Crime Library: Criminal Minds and Methods

John Dillinger

The Terror Gang

They were initially called The Terror Gang because of their boldness and impudence. Once Dillinger had been freed, they all headed back to Chicago to put together the most organized and professional bank robbing scheme ever devised in the county. One thing they needed was the very best in guns, ammunition and bullet-proof vests.

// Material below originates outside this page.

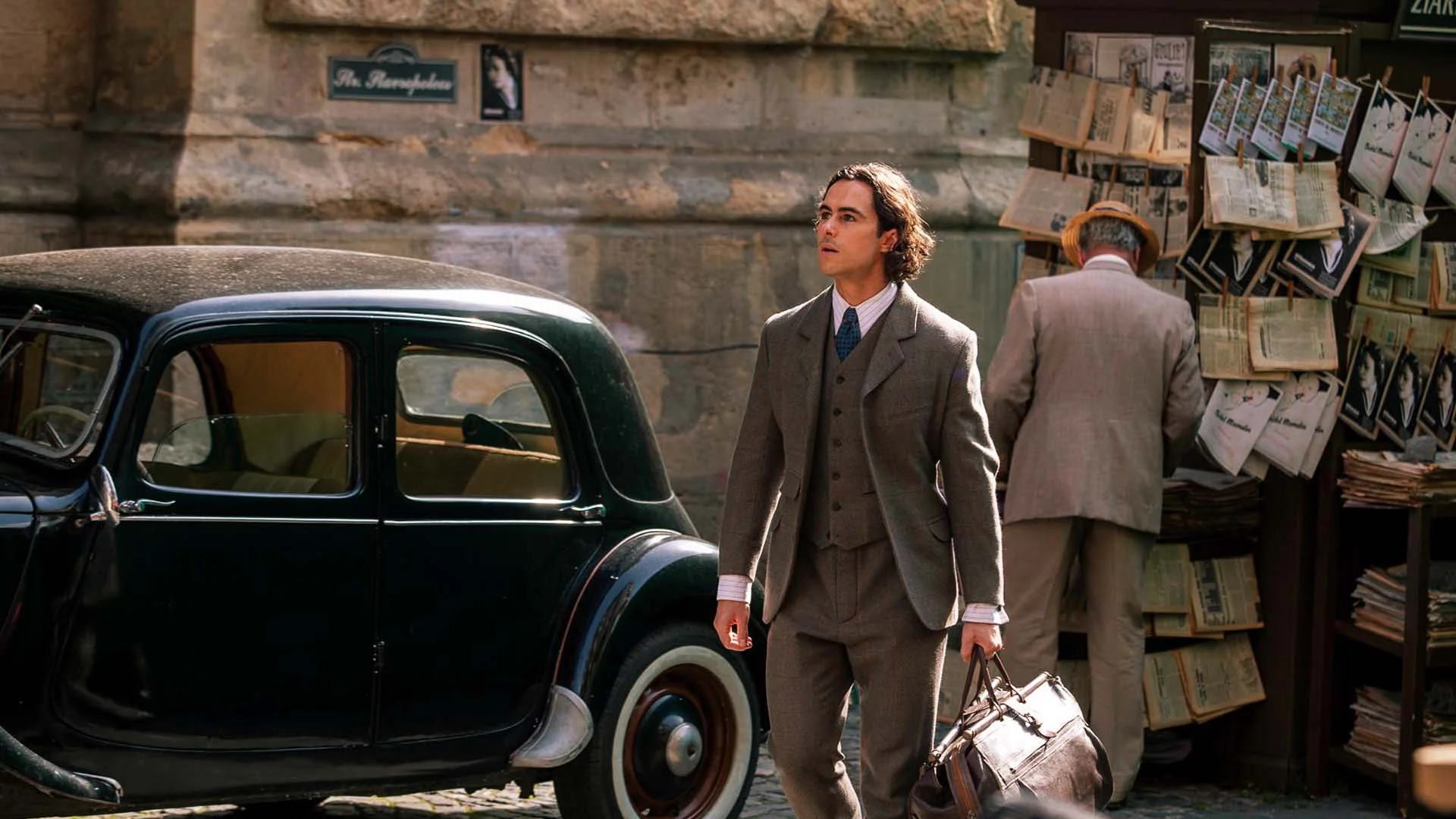 a Man in a 1930s Brown Suit Stands Beside a Dark Vintage Car on a Cobblestone Street Carrying a Leather Bag While Another Man Browses a Newspaper Stand in the Background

What better place to get such equipment than from the police themselves. A week after Dillinger's escape from the Lima, Ohio, jail, he and Pierpont decided to hit the enormous police arsenal in Peru, Indiana. A month earlier, Dillinger and Homer Van Meter posed as tourists there and asked what the local policemen had in the way of fire power if the Dillinger Gang ever showed up in those parts. The officers proudly showed the two "tourists" the kinds of weapons they would use against the Terror Gang.

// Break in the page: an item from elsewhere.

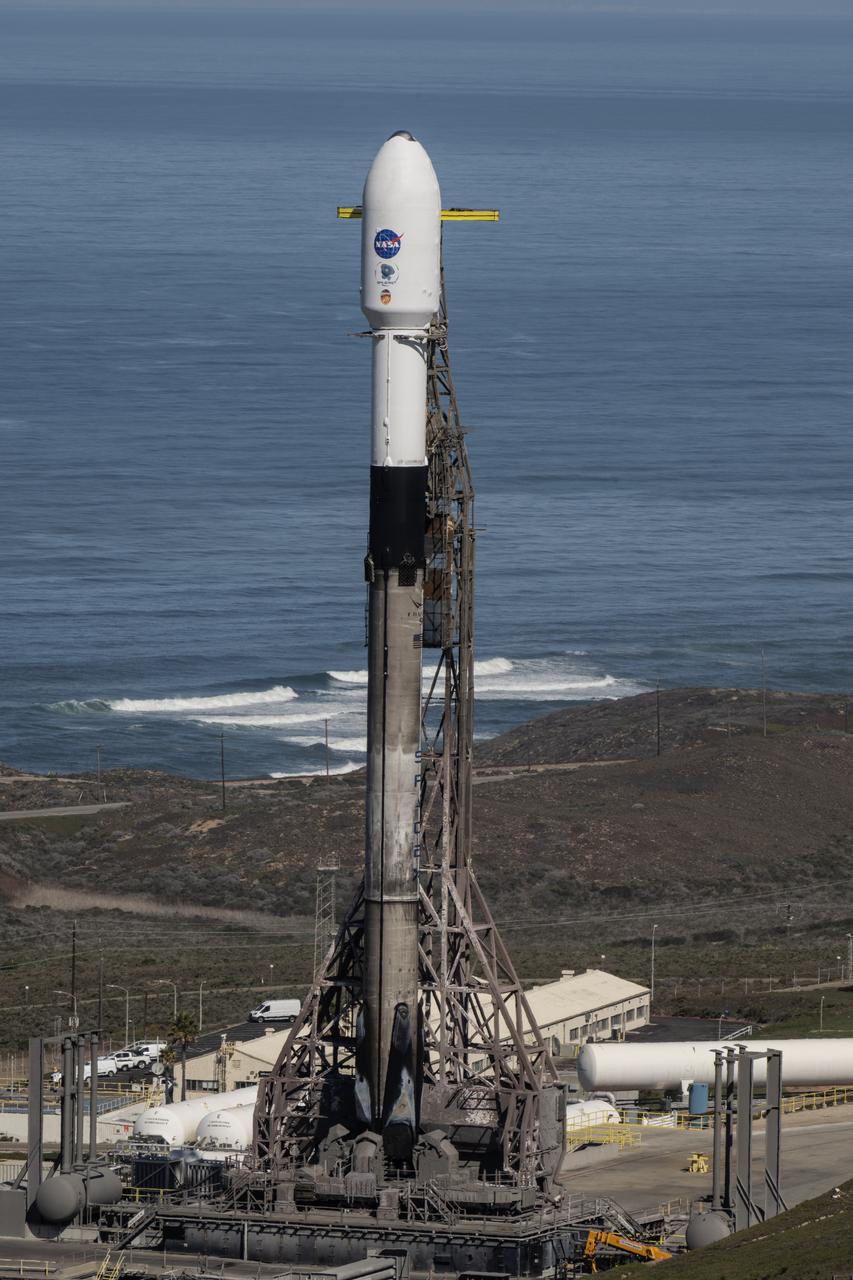 A SpaceX Falcon 9 rocket, carrying NASA’s SPHEREx (Spectro-Photometer for the History of the Universe, Epoch of Reionization and Ices Explorer) observatory and PUNCH (Polarimeter to Unify the Corona and Heliosphere) satellites, is vertical at Space Launch Complex 4 East from Vandenberg Space Force Base in California on Saturday, March 8,  2025. SPHEREx will use its telescope to provide an all-sky spectral survey, creating a 3D map of the entire sky to help scientists investigate the origins of our universe. PUNCH will study origins of the Sun’s outflow of material, or the solar wind, capturing continuous 3D images of the Sun’s corona and the solar wind’s journey into the solar system.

Captain Matt Leach (CORBIS)
Captain Matt Leach (CORBIS)

Late on the evening of October 20, 1933, Pierpont and Dillinger entered the arsenal, subdued three lawmen and made off with several loads of machine guns, sawed-off shotguns, ammunition and bullet-proof vests. When this loot was added to the guns and ammunition they had stolen earlier from an Auburn, Indiana, police station, they were ready for business.

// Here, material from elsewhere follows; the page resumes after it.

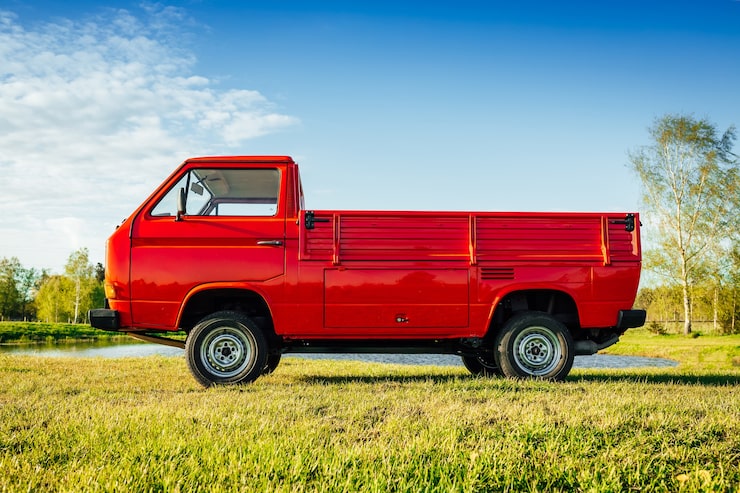 Photo Gratis bidikan close-up truk merah di ladang hijau di samping air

Law enforcement officials were outraged at the brazenness of the gang. Captain Matt Leach, who was afflicted with a serious stutter, wanted to try a bold approach of his own. He knew that both Henry Pierpont and John Dillinger were men with very large egos. Often the gang had been referred to in the newspapers as the Pierpont Gang. What if Captain Leach could persuade reporters to start calling it the Dillinger Gang instead. Maybe a leadership fight would break out amongst the gang members and they would split up. The newsmen agreed to his proposal.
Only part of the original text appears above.